Some code changes are not saving in High Sierra

I’ve never seen this before, but today I lost almost two hours of work and I still don’t know why. Not all of my changes are being saved. Xojo isn’t crashing and I’m a fairly compulsive Cmd+S tapper — Xojo thinks everything is saved but it isn’t.

When I watch the view (it’s an iOS project) xojo_code file in the Finder, and I Save in Xojo, I can see the project update but the date/time on the xojo_code file does not change. When I quit Xojo — and Xojo doesn’t prompt to save because it thinks it has saved — and re-load the project, the changes in that particular view have not been saved.

This is in 2017r1.1 as I haven’t moved to 2017r2.1 for my iOS project yet. Tearing out what small amount of hair I have left…

Dropbox? iCloud?

I use Github for source and it doesn’t see a change either.

I still had a copy of yesterday’s project on my other computer (also running High Sierra) so I duplicated it as a backup and copied the offending view’s xojo_code file from that project into the current version.

But the same thing happens. I can save the view once and any changes made in that session (ie before saving) are saved to disk but thereafter no other changes can be saved. Two separate computers, both running High Sierra (with the patch that came out a few days ago).

But…

If I open the copied project — before about 5 hours work today — then I can work with it and save incremental changes without any problems. So could something have become corrupted in my project? If so, how can I work out what that might be?

I wonder if I’ve got a similar problem to the one in this thread:? @scott boss did you manage to solve this?

I may have fixed it, or at least it looks promising.

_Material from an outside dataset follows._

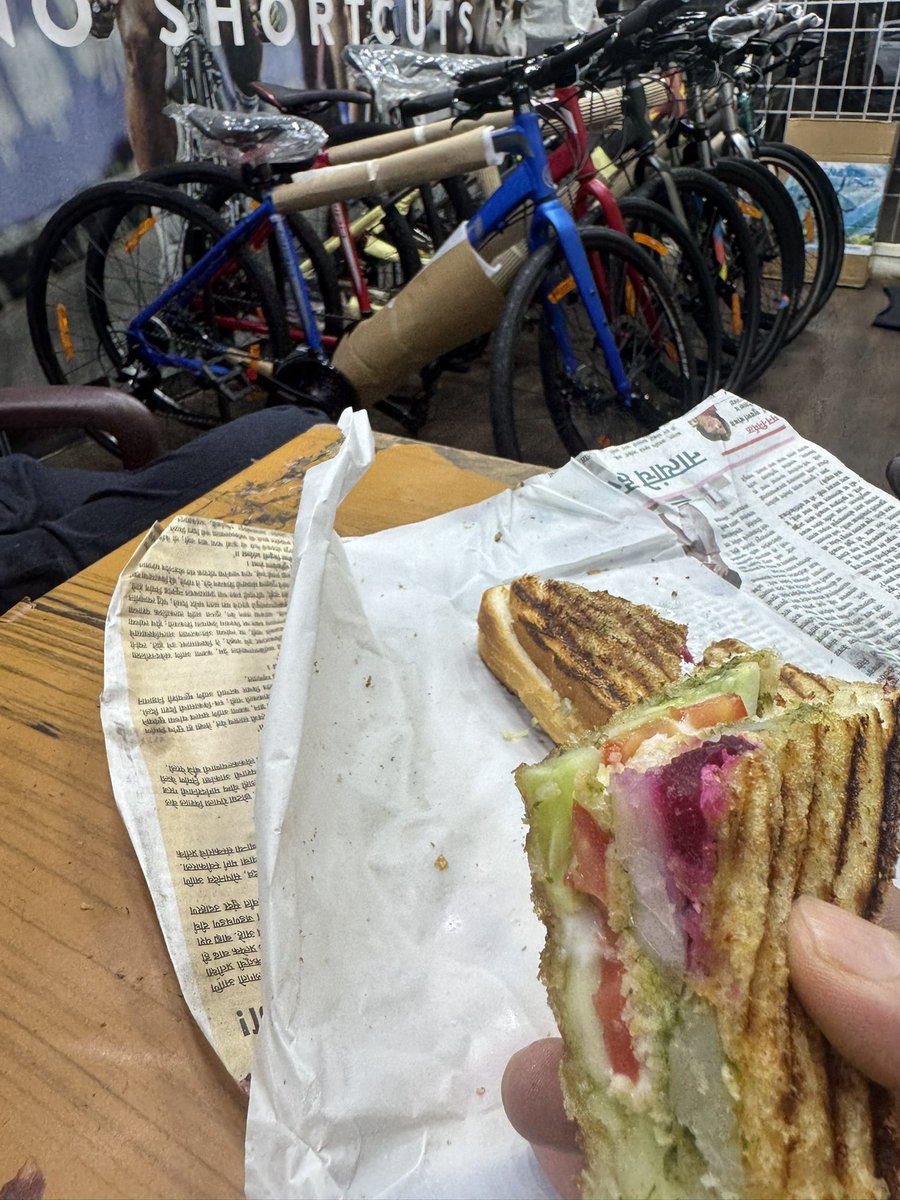 amarbarwe's tweet photo. Where Bikes Meet Bites! @ProSportsBikes #Pune #cyclestore #hungerpangs https://t.co/65Occ0nBHn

I can now:

Make a change -> Save and Quit Xojo -> Run Xojo and make another change -> Save and Quit Xojo -> Run Xojo and the second change has saved.

To get it to this point I deleted the project folder and Cloned the project again from Github (though this is the same version of the project which is not working on my other computer). I also switched to the all new version of the Github Desktop client.

I’m going to have to watch this sucker closely for a few days…

This is a macOS fault that reaches Xojo now as well.
Thanks for the warning.

Crikey. :frowning:

Maybe as a workaround, start your Git Client and see if the Changes have been Saved, befor you Close the Project?

Yes I think that is a good idea and I’ve been using it in this way, but it’s a helluva way to live! :wink:

I via iTerm created a new directory, copied the xojo code (not the .git repo) over to the new directory. rebooted (on a Mac I am not sure why I did that). and tried it on the new directory and it worked.

once it worked, I deleted the old directory. renamed the new directory to the old name. rebooted (again not sure why but I did anyways). and it still works. go figure.

Thank you Scott. That’s essentially what I did, though I just deleted the project folder and re-cloned from Git. The odd part is that the problem existed on two separate Macs after Github Desktop synced the code so I have been thinking that the problem must exist within the folder somehow, eg to one or more of the project items. Anyway I’ll try this at work today, keep an eye on it and report back again.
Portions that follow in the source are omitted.